Die GK hält es für viel sinnvoller, daß man an der Stelle einfach die beobachtbaren Fakten mitteilt, bei denen der andere nicht die Möglichkeit hat zu sagen: "Das stimmt nicht!" Im konkreten Beispiel mit dem Kinderzimmer bedeutet das, daß man z.B. sagt: "Ich war gerade in Deinem Zimmer. Da liegen fünf T-Shirts auf dem Boden und zwei Jeans auf dem Bett. Ich möchte aber gerne eine Ordnung haben, bei der ich mich wohlfühlen kann. Wärst Du bereit, diese Sachen in den Schrank zu räumen?"

Teil 2

Dieses Bild [Bild zeigen] haben vermutlich schon viele gesehen. Auch wenn es ziemlich bekannt ist, kann es uns doch helfen, den Unterschied aufzuzeigen, zwischen den sinnlich-wahrnehmbaren Fakten und unseren Interpretationen bzw. Bewertungen. Stellen uns nun mal vor, zwei Menschen betrachten dieses Bild und unterhalten sich darüber, wie alt die Frau auf dem Bild sein mag. Das würde sich vielleicht so anhören:

  • Wie alt, schätzt du, ist diese Frau?
    • Nun, so 70-80.
  • Was??? Das kann doch nicht wahr sein! Diese Frau ist höchstens 25 Jahre alt!!

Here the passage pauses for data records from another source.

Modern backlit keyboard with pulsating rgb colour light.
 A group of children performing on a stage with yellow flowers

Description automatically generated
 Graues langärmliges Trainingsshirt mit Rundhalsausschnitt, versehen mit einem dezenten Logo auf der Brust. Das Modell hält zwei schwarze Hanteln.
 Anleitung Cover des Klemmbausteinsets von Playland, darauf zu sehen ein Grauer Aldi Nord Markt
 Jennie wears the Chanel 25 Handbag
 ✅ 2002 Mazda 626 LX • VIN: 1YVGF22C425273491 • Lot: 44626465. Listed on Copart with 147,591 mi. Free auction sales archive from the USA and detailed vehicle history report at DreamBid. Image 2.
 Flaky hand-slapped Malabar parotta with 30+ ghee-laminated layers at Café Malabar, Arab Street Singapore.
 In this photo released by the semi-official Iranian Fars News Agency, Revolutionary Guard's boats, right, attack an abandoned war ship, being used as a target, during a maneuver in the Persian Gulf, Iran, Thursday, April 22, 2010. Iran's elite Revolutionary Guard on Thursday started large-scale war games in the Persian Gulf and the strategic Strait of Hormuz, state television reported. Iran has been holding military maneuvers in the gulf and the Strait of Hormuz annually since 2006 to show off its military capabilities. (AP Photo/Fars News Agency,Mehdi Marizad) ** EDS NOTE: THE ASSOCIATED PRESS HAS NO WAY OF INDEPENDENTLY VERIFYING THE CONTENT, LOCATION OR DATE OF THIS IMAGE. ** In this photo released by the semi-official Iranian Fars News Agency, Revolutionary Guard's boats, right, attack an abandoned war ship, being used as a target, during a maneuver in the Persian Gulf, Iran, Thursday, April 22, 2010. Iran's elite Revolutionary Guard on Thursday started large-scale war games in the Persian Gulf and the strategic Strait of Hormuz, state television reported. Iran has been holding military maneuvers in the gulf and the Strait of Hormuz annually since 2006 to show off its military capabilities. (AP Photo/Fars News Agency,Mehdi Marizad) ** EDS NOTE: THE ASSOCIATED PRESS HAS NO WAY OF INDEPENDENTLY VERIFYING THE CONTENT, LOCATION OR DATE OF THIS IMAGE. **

Diese Situation ist ein Gleichnis für eine Situation, wie wir manchmal im Alltag erleben. Zwei Menschen haben unterschiedliche Ansichten/Meinungen zu etwas. Aber wenn jemand eine Meinung hat, die so weit abweicht von unserer eigenen, dann ist wohl die häufigste Reaktion darauf, daß wir ein Urteil haben: Der spinnt doch, der ist total bekloppt, der hat ja überhaupt keine Menschenkenntnisse, wie kann man nur so absurde Ansichten vertreten!? Diese Urteile, die ich über den anderen habe, hindern mich, ihn besser zu verstehen. Damit es zu einer Verständigung kommen kann, braucht es in einem ersten Schritt, die Bereitschaft, eine innere Haltung einzunehmen, die lautet: "Ich möchte den anderen besser verstehen." Das bedeutet, daß wir unser Urteil erst einmal beiseitelegen und innerlich zu einer Haltung finden "ich möchte den anderen besser verstehen" - und nachfragen.

Unser Beispieldialog könnte jetzt so ablaufen:

  • Wie alt, schätzt du, ist diese Frau?
    • Nun, so 70-80.
  • Nanu, wie kommst du denn darauf?
    • Na, die sieht halt so alt aus!
  • Hilf mir mal, das besser zu verstehen: woran machst du das fest?
    • Na, der eingefallene Mund, die riesigen Tränensäcke und vor allem, die riesige Hakennase!
  • Was, dieses kleine niedliche Stubsnäschen kann man doch nicht "riesige Hakennase" nennen! Das ist doch absurd!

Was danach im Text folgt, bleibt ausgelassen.